Roger Kisby/Getty Images
Amid the swans nervously clutching a glass of white wine was the show’s unlikeliest darling, a black Southern-inflected, gender-bending, genre-defying video-and-performance artist named Kalup Linzy. Instead of the bad wigs or skimpy dresses that his characters are known for, Mr. Linzy looked positively demure in a beige henley T-shirt and sneakers. The only sparkle was a pair of diamond stud earrings.
“I bought these on clearance at a department store in Union Square,” Mr. Linzy, 34, said in his deep drawl, as his 10-minute video, “L’il Myron’s Trade,” played in a continuous loop. “I can’t remember the name. A basement? Feline’s?”
It was hard to know if Mr. Linzy was in on the joke, which could also describe the art world’s amusement with his work. His raunchy and humorous videos, low-budget affairs that have found their way to MoMA’s permanent collection, are inspired by daytime soap operas.
The characters, many played by Mr. Linzy, are typically women or drag chanteuses who lust for sex and fame as openly as they call Grandma. With names like Taiwan, Patience and Labisha, they are his alter egos, portraying a child of rural Florida or an anxious art-world striver of New York.
“He’s a multifaceted artist who’s become a recognizable figure on the contemporary New York art scene in only a few years,” said Klaus Biesenbach, the director of MoMA PS1 in Queens, which has given Mr. Linzy studio space and, last year, included his work in the influential Greater New York show. “He crosses between visual arts, performance, directing, acting and music.”

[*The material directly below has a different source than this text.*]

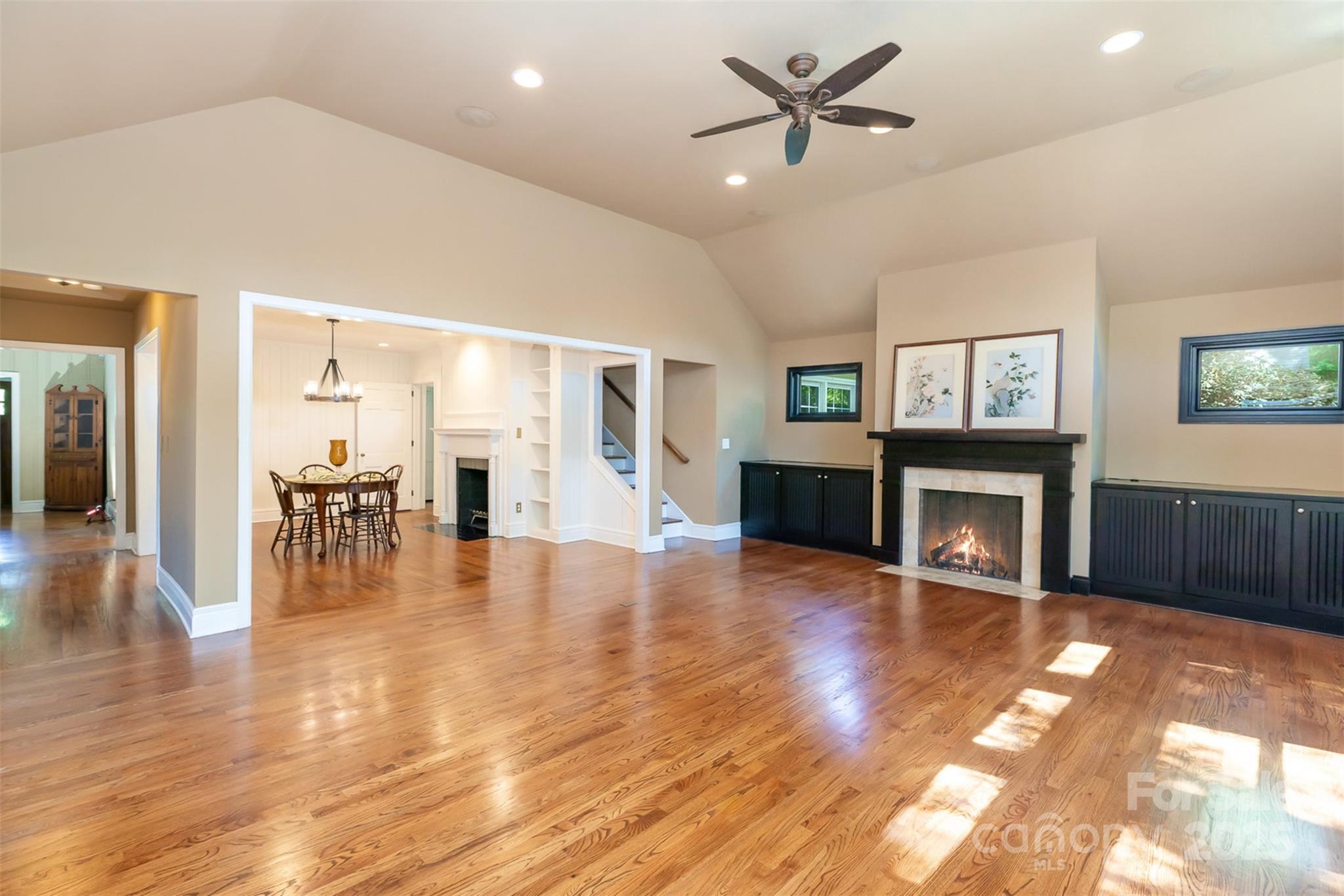 Charlotte, North Carolina 28211, United States, 5 Bedrooms Bedrooms, ,4 BathroomsBathrooms,Residential,Active,112546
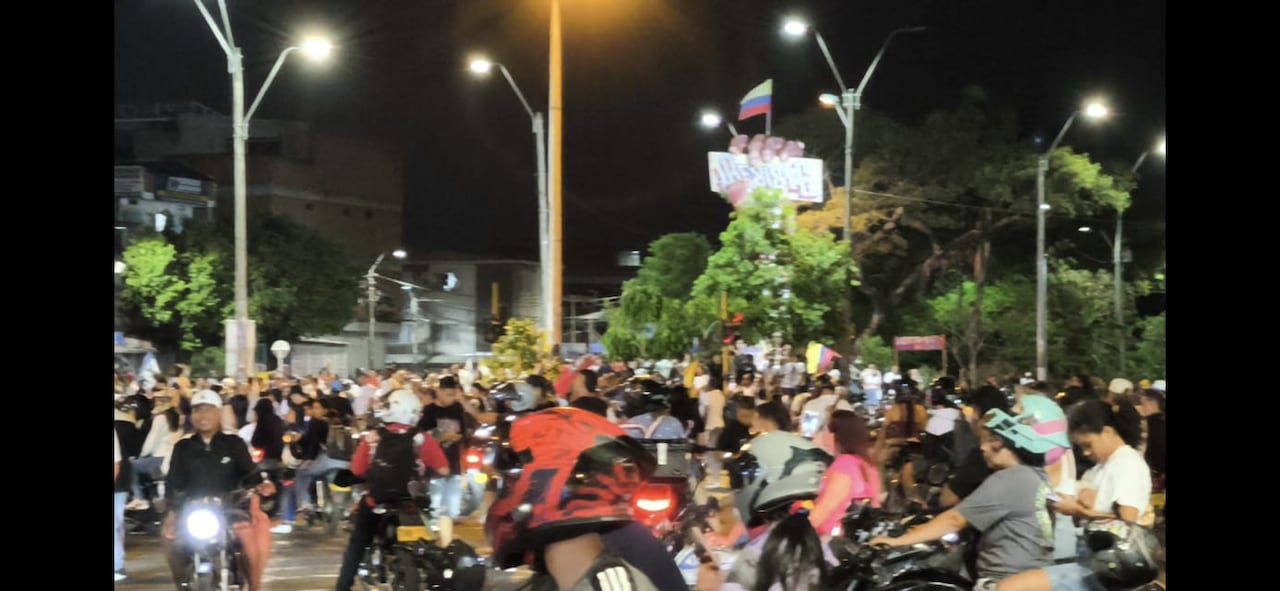 Estas son algunas fotografías que fueron tomadas aproximadamente a las 7:00 p.m. en el sector de Puerto Resistencia.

Mr. Linzy first caught the art world’s attention in 2005 as the breakout artist of two shows, one at the Studio Museum in Harlem, the other at Taxter & Spengemann, a Chelsea gallery. “A star is born,” wrote Holland Cotter, an art critic for The New York Times. “His name is Kalup Linzy.”
As his fame rose, so did the company he kept. Chloƫ Sevigny and Liya Kebede, the Ethiopian model, have appeared in his videos. Diane Von Furstenberg and Proenza Schouler have made dresses specifically for his performances. But his best-known and most complex collaboration has been with the culturally promiscuous heartthrob James Franco.
The two met in 2009 at Art Basel Miami Beach, at a party honoring Mr. Biesenbach. Mr. Linzy was performing there as Taiwan, the melancholy drag chanteuse, singing torch songs with a Billie Holiday-like flower behind one ear. Mr. Franco was impressed and asked if he would appear on “General Hospital,” the soap on which Mr. Franco was playing a deranged artist known as Franco.
“I smiled and said O.K., but I didn’t really think it would happen,” Mr. Linzy said. Two months later, a childhood dream came true when he appeared on “General Hospital” as the club singer Kalup Ishmael, singing “Route 66.”
It was one of the oddest art pairings in recent memory. “It’s a hilarious collaboration,” said Hrag Vartanian, the editor of the art blog Hyperallergic. “I don’t know whether Franco is using Kalup for art world cred and vice-versa, in terms of Kalup getting pop culture cred.”
The incongruous duo performed live several times, including last year at the Rob Pruitt Art Awards at Webster Hall, in which they rapped “Chewing Gum,” an X-rated song that features variations on the line, “This ain’t no chewing gum.”
The collaboration took another twist last month when Mr. Linzy released an EP of dance-oriented songs, “Turn It Up,” with spoken-word contributions from Mr. Franco.
A soap-opera-obsessed artist in a haute-concept art world, Mr. Linzy has been described as the heir to artists and performers as diverse as Cindy Sherman, RuPaul and John Waters. His low-budget videos, which he not only stars in but also writes, directs and produces, feature seemingly simple narratives that slyly upend conventional notions about race, sexuality, class and art world pretensions.